Series involving gamma functions

[polygamma]

$\displaystyle \sum_{n={\bf 0}}^{\infty} \frac{\Gamma(a+n)\Gamma(b+n)}{n! \Gamma(c+n)} \ \ c-a-b > 0$

 

[polygamma]

I don't like this problem.
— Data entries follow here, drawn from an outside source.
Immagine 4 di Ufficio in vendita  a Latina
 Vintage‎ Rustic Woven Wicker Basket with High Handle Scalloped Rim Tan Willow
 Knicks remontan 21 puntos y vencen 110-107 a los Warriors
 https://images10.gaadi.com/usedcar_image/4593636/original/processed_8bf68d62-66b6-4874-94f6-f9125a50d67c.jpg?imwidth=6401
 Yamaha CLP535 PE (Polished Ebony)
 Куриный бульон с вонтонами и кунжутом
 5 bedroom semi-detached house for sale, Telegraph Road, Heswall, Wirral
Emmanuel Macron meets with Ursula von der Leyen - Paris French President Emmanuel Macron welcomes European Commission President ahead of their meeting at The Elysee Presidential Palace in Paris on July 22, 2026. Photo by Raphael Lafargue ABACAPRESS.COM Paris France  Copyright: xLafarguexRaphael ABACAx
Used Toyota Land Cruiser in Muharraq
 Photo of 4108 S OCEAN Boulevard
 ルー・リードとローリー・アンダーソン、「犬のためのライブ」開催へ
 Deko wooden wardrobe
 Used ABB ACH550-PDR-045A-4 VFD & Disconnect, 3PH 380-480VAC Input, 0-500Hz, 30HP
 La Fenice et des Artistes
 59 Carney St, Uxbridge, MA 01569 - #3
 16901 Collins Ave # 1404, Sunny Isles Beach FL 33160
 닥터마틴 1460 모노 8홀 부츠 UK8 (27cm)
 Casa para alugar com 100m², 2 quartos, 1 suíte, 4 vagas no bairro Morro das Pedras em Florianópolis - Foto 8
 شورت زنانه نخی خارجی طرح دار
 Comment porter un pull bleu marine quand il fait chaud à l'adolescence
It's really just Gauss' hypergeometric theorem in disguise.$ \displaystyle F(a,b;c;z) = \sum_{n=0}^{\infty} \frac{(a)_{n} (b)_{n}}{(c)_{n}} \frac{z_{n}}{n!} = \sum_{n=0}^{\infty} \frac{\Gamma(a+n) \Gamma(b+n) \Gamma(c)}{\Gamma(a) \Gamma(b) \Gamma(c+n)} \frac{z^{n}}{n!} $

$\displaystyle = \frac{1}{B(b,c-b)} \int_{0}^{1} x^{b-1} (1-x)^{c-b-1} (1-zx) ^{-a} \ dx \ \ |z|<1 \ \text{or} \ z=1$ let $z=1$$\displaystyle \sum_{n=0}^{\infty} \frac{\Gamma(a+n) \Gamma(b+n) \Gamma(c)}{\Gamma(a) \Gamma(b) \Gamma(c+n)} \frac{1}{n!}
= \frac{B(b,c-a-b)}{B(b,c-b)} = \frac{\Gamma(b) \Gamma(c-a-b) \Gamma(c)}{\Gamma(b) \Gamma(c-b) \Gamma(c-a)} $so $\displaystyle \sum_{n=0}^{\infty} \frac{\Gamma(a+n) \Gamma(b+n)}{n!\Gamma(c+n)} = \frac{\Gamma(a) \Gamma(b) \Gamma(c-a-b)}{\Gamma(c-a) \Gamma(c-b)}$